Caesar described the walls of Gaulish fortifications: solid beams were laid out on the ground about two feet apart; they were joined by transverse struts, and the cavity thus formed was filled with earth. Large stones were used to face the front. A second layer was then added, and so on until the desired height was reached. These interwoven layers of stone and wood had major military advantages as the stone was a protection against fire, and the wood against the danger of the battering ram.
The Gauls described by Polybus were not familiar with the idea of furniture and their beds were apparently nothing more than grass.
Posidonius, [2] quoted by Athenus, [3] noted that at mealtimes the Celts used to sit on bales of hay around low circular tables of wood. They used neither spoons nor forks; they simply grabbed chunks of meat and tore them apart. Their dishes were made of silver, copper, or earthenware. Their goblets were of earthenware or silver.

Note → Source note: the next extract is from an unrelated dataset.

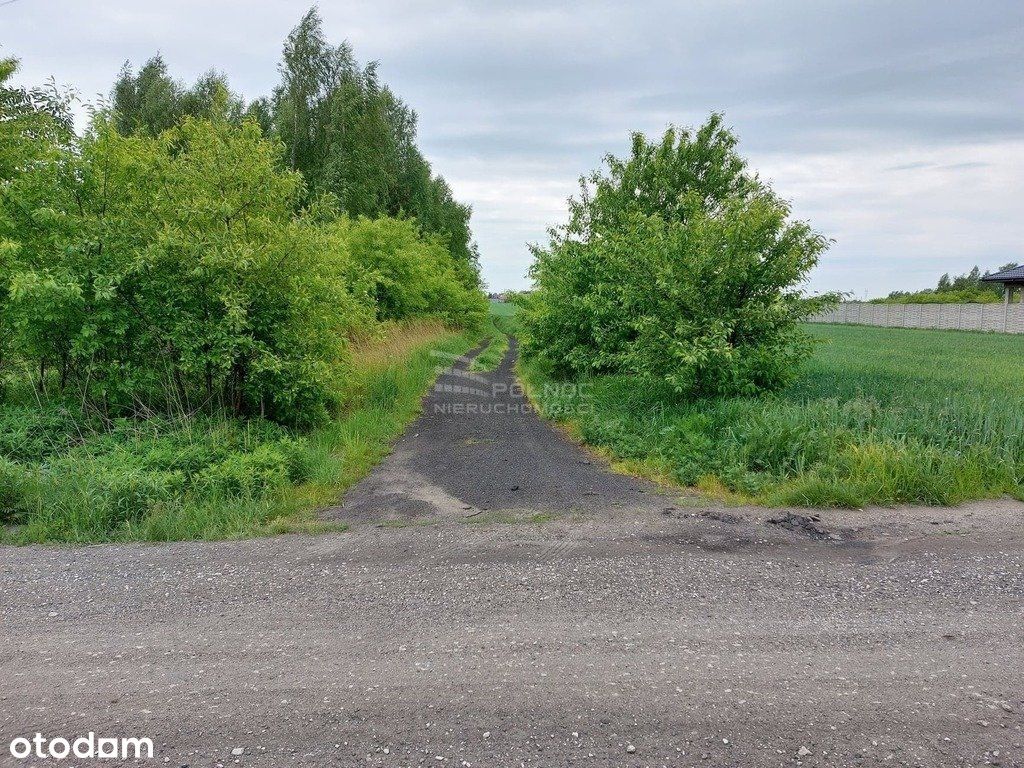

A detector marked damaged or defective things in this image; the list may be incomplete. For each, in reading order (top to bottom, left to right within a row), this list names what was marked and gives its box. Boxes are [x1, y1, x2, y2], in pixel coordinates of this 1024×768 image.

A Belgic bronze tankard was found in Trawsfynydd in Wales, and has been dated to the mid-first century AD. Its base was made of turned wood. Two more tankards were found at Shapwick Heath in Somerset, and one was recovered from the River Thames, at Kew. Belgic wrought iron ‘fire dogs’, would have been used to spit-roast meat at feasts, and examples have been found at Great Chesterford, Essex and Capel Garmon, North Wales.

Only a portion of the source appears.